There are five different hypotheses regarding their origin. The Funj claimed to be descendants of Banu Umayya through those who escaped the slaughter of their family by the Abbasids and fled to Abyssinia and thence into the Nubian territory. Since the Ja'alin claimed descent from the Abbasids and the Abdallab from the Juhayna, the Funj may have claimed Umayyad descent to express their superiority to their subject peoples.

James Bruce, in his book Travels to Discover the Source of the Nile, theorized that the Funj descend from the Shilluk people. Bruce wrote his book after 22 years of travel through North Africa and Ethiopia in the 18th century. The third hypothesis is that they are descendants of the remnants of the Kingdom of Alodia Nubians who escaped further south to replenish their supplies and resources and returned to establish their state. This theory's strongest proponent is Jay Spaulding, and is based on resemblances between Funj and Christian Nubian institutions. AJ Arkell also theorized they may be Bornu, migrating from Darfur in the west.
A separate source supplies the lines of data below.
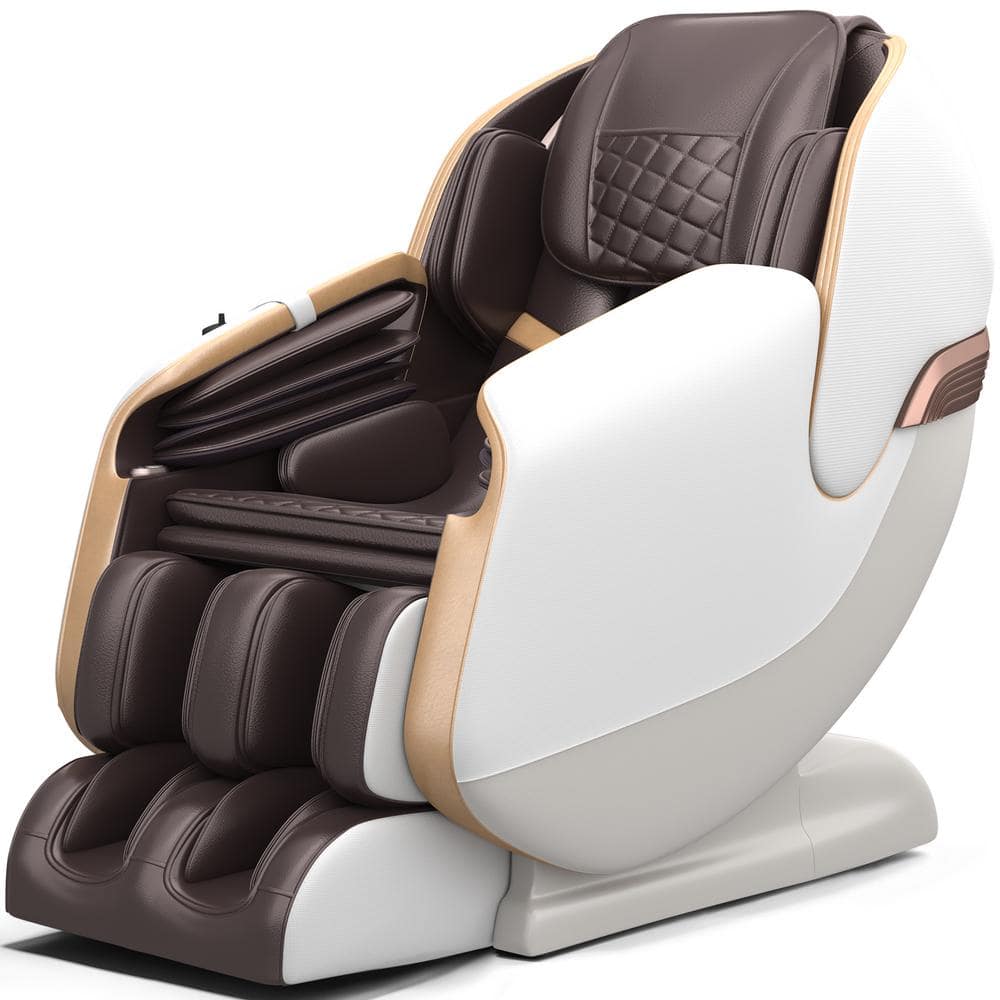 wholesale massage chairs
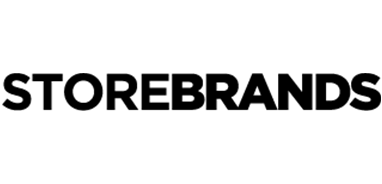 Store Brands Logo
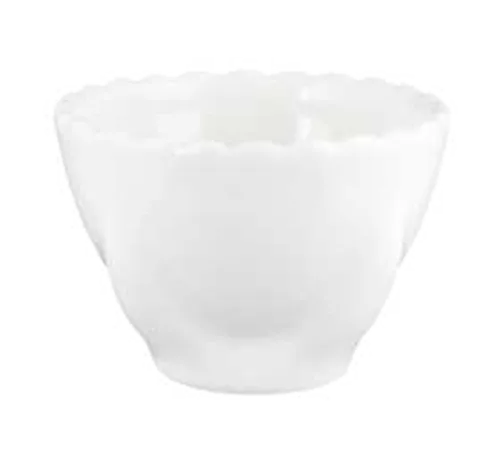 ckitchen3-2801257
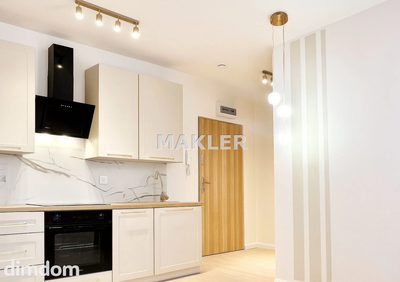 2 pokoje 34,4 m² po remoncie - 2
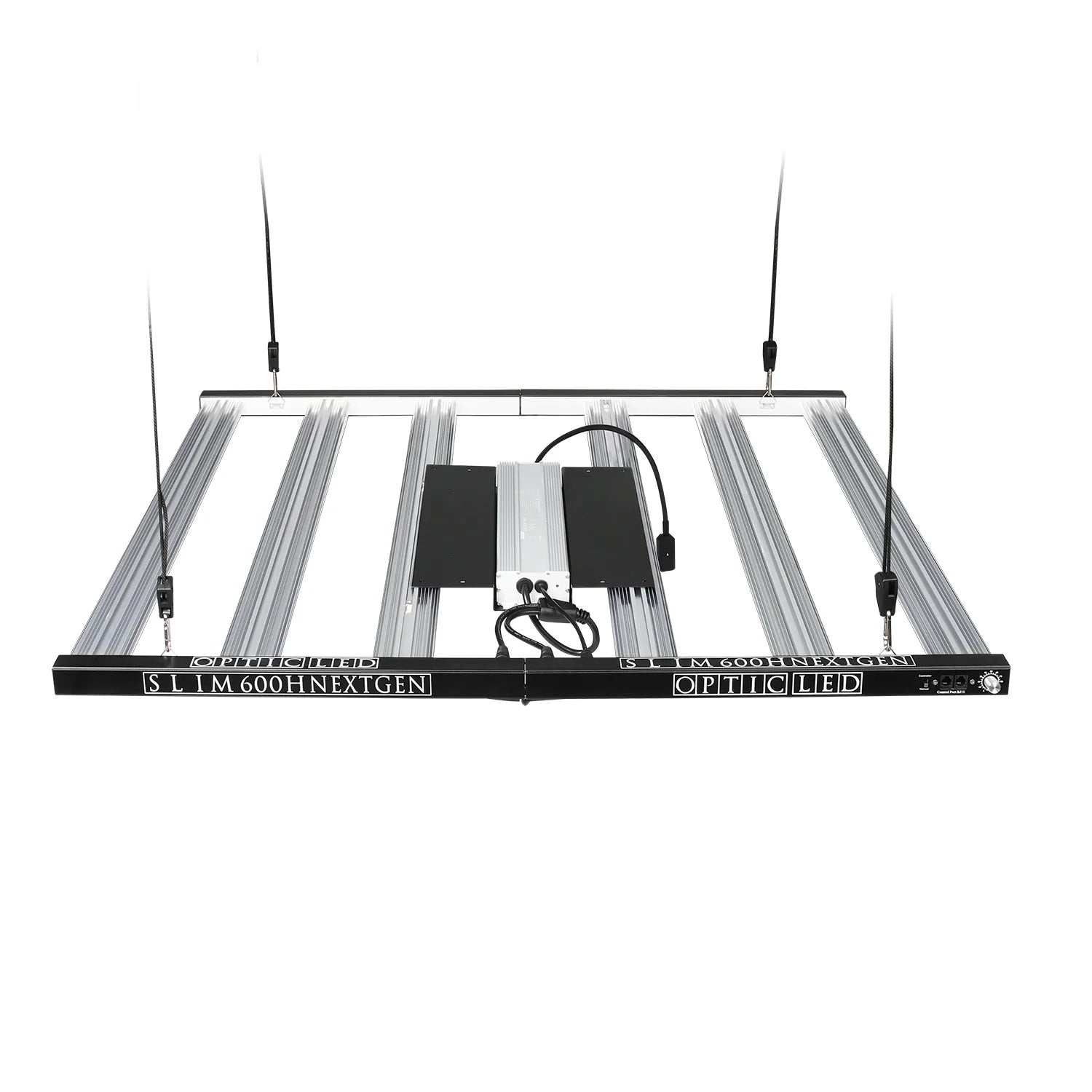 Slim 600H NEXT Gen 調光機能付き 630w(150cmx150cm・UV/IR) – ALUS HOME Slim 600H NEXT Gen 調光機能付き 630w(150cmx150cm・UV/IR) – ALUS HOME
Critical of these approaches, Wendy James argued the Funj may instead represent a social class of detribalized local Muslims forged by the sociopolitics processes of Sinnar, stressing the lack of evidence for a pre-Sinnar Funj identity. Within this framework, she has hypothesized that "self-sufficient pagan societies on the periphery of the Nile civilizations have for perhaps many centuries regarded lighter-colored people from the north and perhaps also from the east and Abyssinia as bwonyo, bunyan, or even fuin, in the sense of an alien elite." This term was then applied to the new conquering class of former Alodian territory, which represented members of those societies who had adopted Islam and Arabic through employment, enslavement, and intermarriage.

The contemporary Funj makk, Al-Wileyd al-Makk Nayil described the historic Funj as a "ruling class" rather than a tribe or ethnic group in a Sudanese television program.

The question of their origin is considered one of the great questions of Sudanese historiography, and there continues to be no consensus among scholars.